◆ **What the task requires**
Two lines mark the range in the entries below: the one holding "free shipping custom" and the one holding "Lutron Maestro Dual-Tech". Set down those two and all lines between them, exactly.

--- Dataset extract ---

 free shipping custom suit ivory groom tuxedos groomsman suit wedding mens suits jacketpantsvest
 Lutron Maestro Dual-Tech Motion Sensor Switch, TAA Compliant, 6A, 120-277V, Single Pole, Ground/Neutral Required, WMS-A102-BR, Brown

---
--- Dataset extract ---

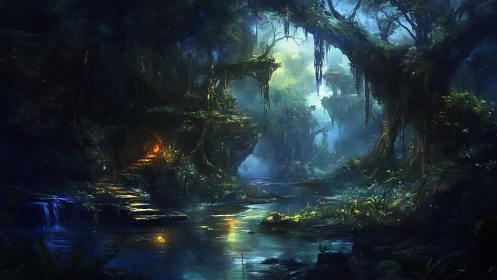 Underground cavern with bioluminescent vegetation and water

---

◆ **Output of the exercise**
 free shipping custom suit ivory groom tuxedos groomsman suit wedding mens suits jacketpantsvest
 Lutron Maestro Dual-Tech Motion Sensor Switch, TAA Compliant, 6A, 120-277V, Single Pole, Ground/Neutral Required, WMS-A102-BR, Brown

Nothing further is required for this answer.